Hello.
On úterý 19. září 2023 17:43:40 CEST Matthew Wilcox wrote:
> On Tue, Sep 19, 2023 at 10:26:42AM +0200, Oleksandr Natalenko wrote:
> > Andrzej asked me to try to revert commits 0b62af28f249, e0b72c14d8dc and
> > 1e0877d58b1e, and reverting those fixed the i915 crash for me. The
> > e0b72c14d8dc and 1e0877d58b1e commits look like just prerequisites, so I
> > assume 0b62af28f249 ("i915: convert shmem_sg_free_table() to use a
> > folio_batch") is the culprit here.
> >
> > Could you please check this?
> >
> > Our conversation with Andrzej is available at drm-intel GitLab [1].
> >
> > Thanks.
> >
> > [1] https://gitlab.freedesktop.org/drm/intel/-/issues/9256
>
> Wow, that is some great debugging. Thanks for all the time & effort
> you and others have invested. Sorry for breaking your system.
>
> You're almost right about the "prerequisites", but it's in the other
> direction; 0b62af28f249 is a prerequisite for the later two cleanups,
> so reverting all three is necessary to test 0b62af28f249.
>
> It seems to me that you've isolated the problem to constructing overly
> long sg lists. I didn't realise that was going to be a problem, so
> that's my fault.
>
> Could I ask you to try this patch? I'll follow up with another patch
> later because I think I made another assumption that may not be valid.
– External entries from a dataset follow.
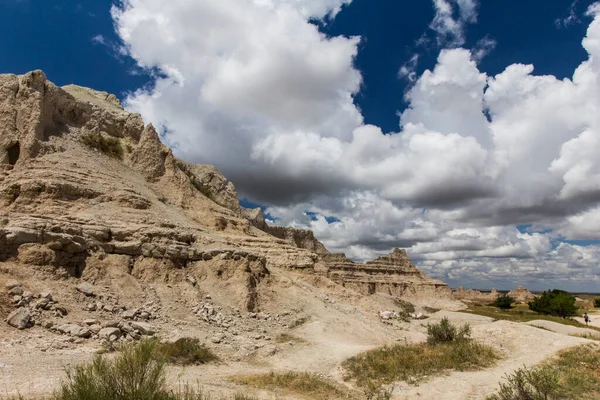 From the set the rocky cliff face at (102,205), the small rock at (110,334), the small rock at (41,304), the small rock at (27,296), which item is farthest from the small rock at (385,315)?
the small rock at (27,296)

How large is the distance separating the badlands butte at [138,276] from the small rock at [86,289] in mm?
42

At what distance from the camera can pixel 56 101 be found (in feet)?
90.8

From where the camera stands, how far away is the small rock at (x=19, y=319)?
13384mm

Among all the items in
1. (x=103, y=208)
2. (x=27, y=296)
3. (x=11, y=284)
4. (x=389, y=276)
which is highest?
(x=103, y=208)

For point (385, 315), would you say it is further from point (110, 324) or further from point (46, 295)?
point (46, 295)

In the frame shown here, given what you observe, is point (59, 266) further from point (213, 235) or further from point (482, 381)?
point (482, 381)

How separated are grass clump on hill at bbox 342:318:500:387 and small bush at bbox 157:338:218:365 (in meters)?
5.15

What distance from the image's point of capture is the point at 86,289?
667 inches

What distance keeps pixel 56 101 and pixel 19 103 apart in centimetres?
339

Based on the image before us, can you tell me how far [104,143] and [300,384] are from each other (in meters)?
26.8

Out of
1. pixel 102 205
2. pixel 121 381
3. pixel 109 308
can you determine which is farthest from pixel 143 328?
pixel 102 205

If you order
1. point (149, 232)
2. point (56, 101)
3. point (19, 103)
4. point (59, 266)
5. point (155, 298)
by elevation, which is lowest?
point (155, 298)

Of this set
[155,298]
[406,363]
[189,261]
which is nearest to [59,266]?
[155,298]

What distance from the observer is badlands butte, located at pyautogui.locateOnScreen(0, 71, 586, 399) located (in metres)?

I can confirm this one fixes the issue for me on T460s laptop. Thank you!
Should you submit it, please add:
Fixes: 0b62af28f2 ("i915: convert shmem_sg_free_table() to use a folio_batch")
Cc: [email protected] # 6.5.x
Link: https://gitlab.freedesktop.org/drm/intel/-/issues/9256
Link: https://lore.kernel.org/lkml/[email protected]/
Reported-by: Oleksandr Natalenko <[email protected]>
Tested-by: Oleksandr Natalenko <[email protected]>
> diff --git a/drivers/gpu/drm/i915/gem/i915_gem_shmem.c
> b/drivers/gpu/drm/i915/gem/i915_gem_shmem.c
> index 8f1633c3fb93..73a4a4eb29e0 100644
> --- a/drivers/gpu/drm/i915/gem/i915_gem_shmem.c
> +++ b/drivers/gpu/drm/i915/gem/i915_gem_shmem.c
> @@ -100,6 +100,7 @@ int shmem_sg_alloc_table(struct drm_i915_private *i915,
> struct sg_table *st,
> st->nents = 0;
> for (i = 0; i < page_count; i++) {
> struct folio *folio;
> + unsigned long nr_pages;
> const unsigned int shrink[] = {
> I915_SHRINK_BOUND | I915_SHRINK_UNBOUND,
> 0,
> @@ -150,6 +151,8 @@ int shmem_sg_alloc_table(struct drm_i915_private *i915,
> struct sg_table *st,
> }
> } while (1);
>
> + nr_pages = min_t(unsigned long,
> + folio_nr_pages(folio), page_count - i);
> if (!i ||
> sg->length >= max_segment ||
> folio_pfn(folio) != next_pfn) {
> @@ -157,13 +160,13 @@ int shmem_sg_alloc_table(struct drm_i915_private *i915,
> struct sg_table *st,
> sg = sg_next(sg);
>
> st->nents++;
> - sg_set_folio(sg, folio, folio_size(folio), 0);
> + sg_set_folio(sg, folio, nr_pages * PAGE_SIZE, 0);
> } else {
> /* XXX: could overflow? */
> - sg->length += folio_size(folio);
> + sg->length += nr_pages * PAGE_SIZE;
> }
> - next_pfn = folio_pfn(folio) + folio_nr_pages(folio);
> - i += folio_nr_pages(folio) - 1;
> + next_pfn = folio_pfn(folio) + nr_pages;
> + i += nr_pages - 1;
>
> /* Check that the i965g/gm workaround works. */
> GEM_BUG_ON(gfp & __GFP_DMA32 && next_pfn >= 0x00100000UL);
--
Oleksandr Natalenko (post-factum)
signature.asc
Description: This is a digitally signed message part.